▶ Information supplied:
________________________________________
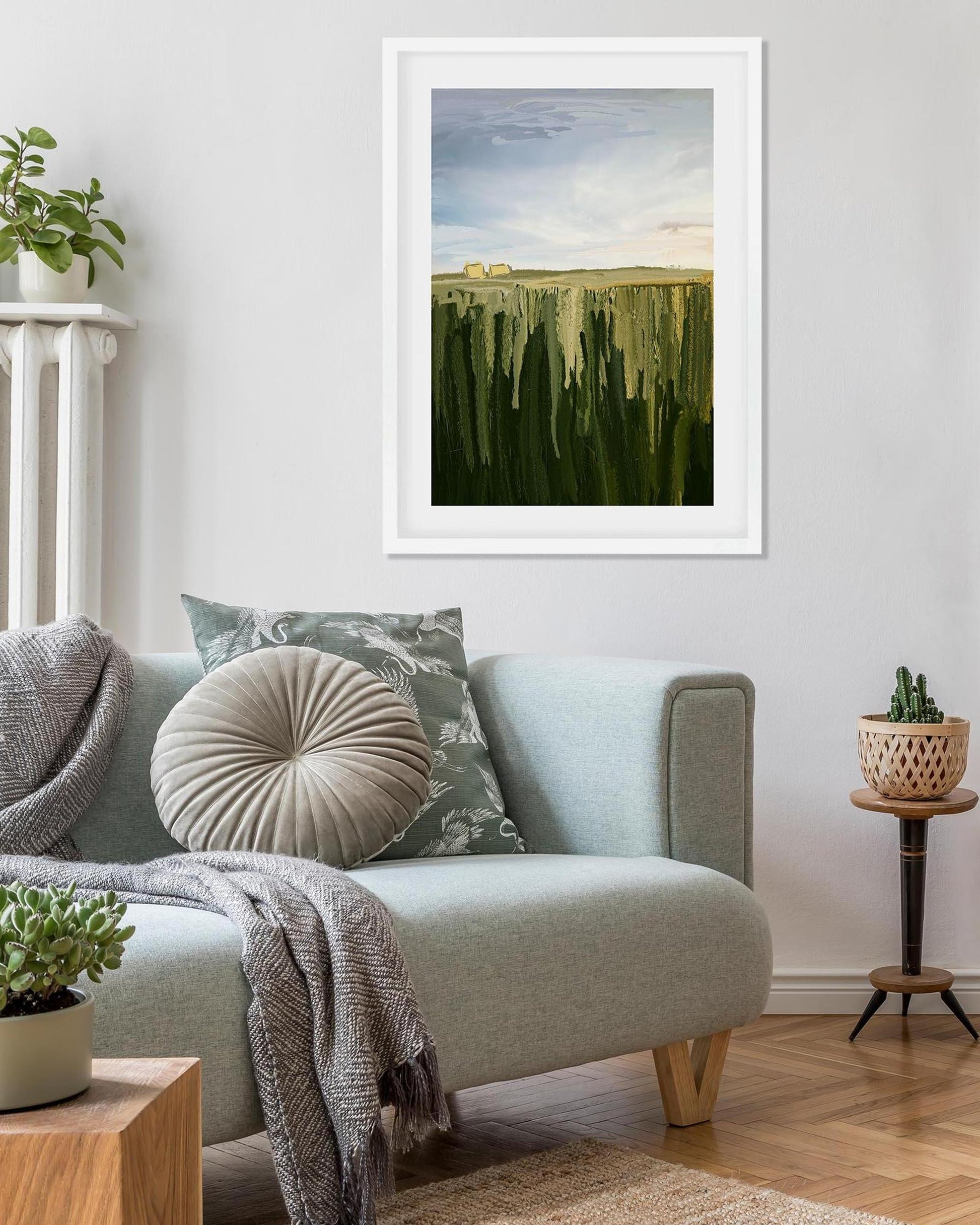 Living room with a sofa, cushions, and a framed abstract painting on the wall.
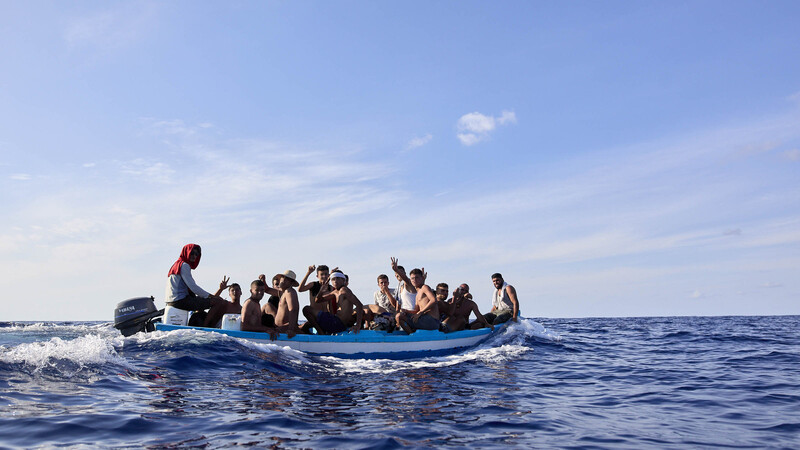 Eine Gruppe von Migranten Tunesien fährt in einem kleinen Fischerboot durch das Mittelmeer.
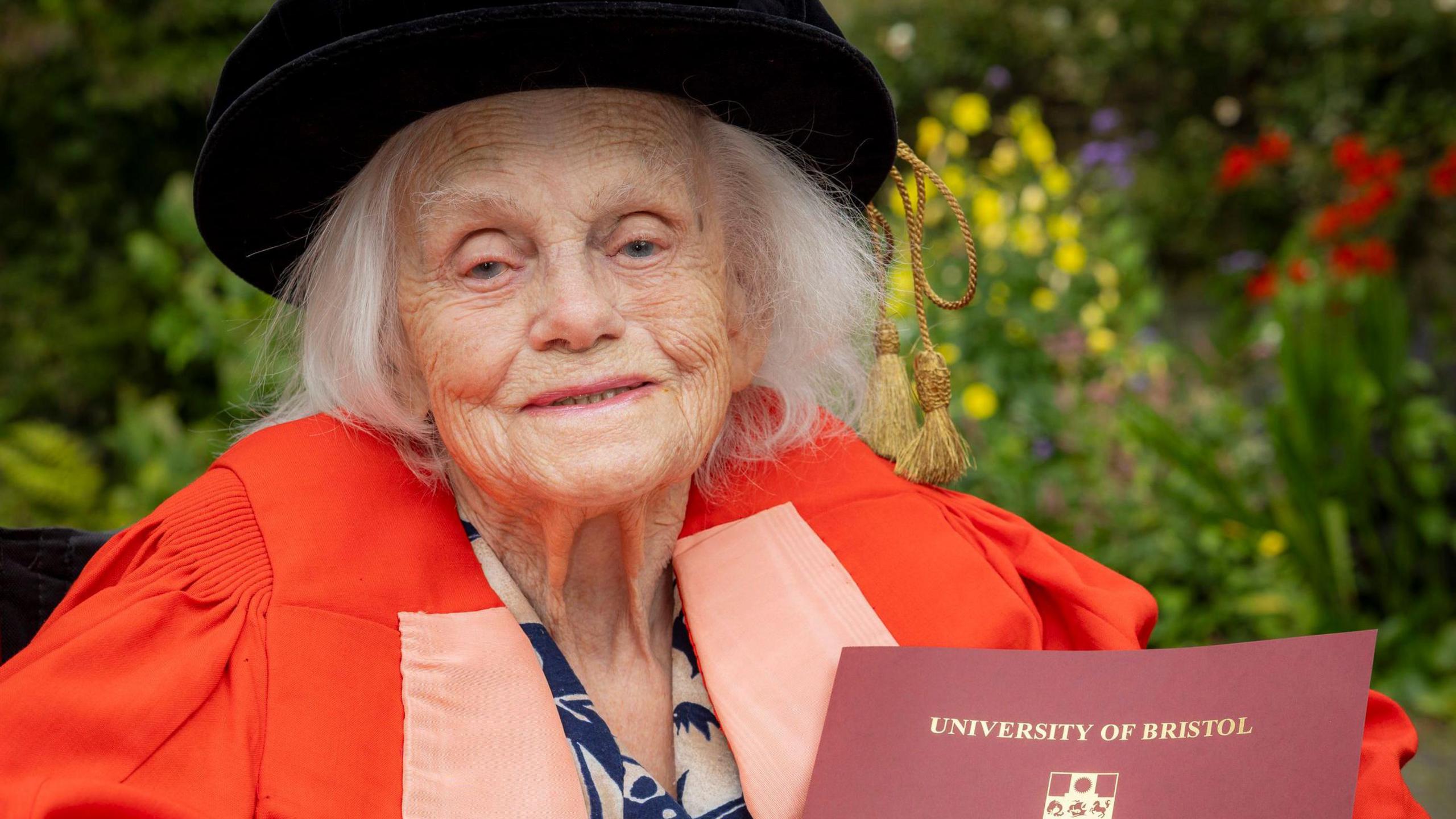 A woman sitting in  a wheelchair dressed in red graduation robes holds her doctorate certificate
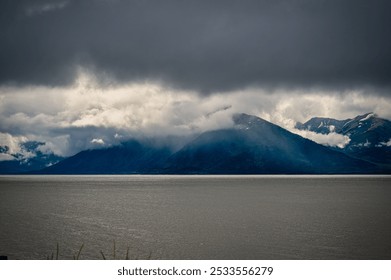 A dramatic landscape of a mountain range shrouded in clouds over a calm body of water. - Powered by Shutterstock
________________________________________
▶ Task description: Word for word, reproduce each line from the one with "Eine Gruppe von" through the last line of the material above, both included, and drop the pictures.

▶ Response:
 Eine Gruppe von Migranten Tunesien fährt in einem kleinen Fischerboot durch das Mittelmeer.
 A woman sitting in  a wheelchair dressed in red graduation robes holds her doctorate certificate
 A dramatic landscape of a mountain range shrouded in clouds over a calm body of water. - Powered by Shutterstock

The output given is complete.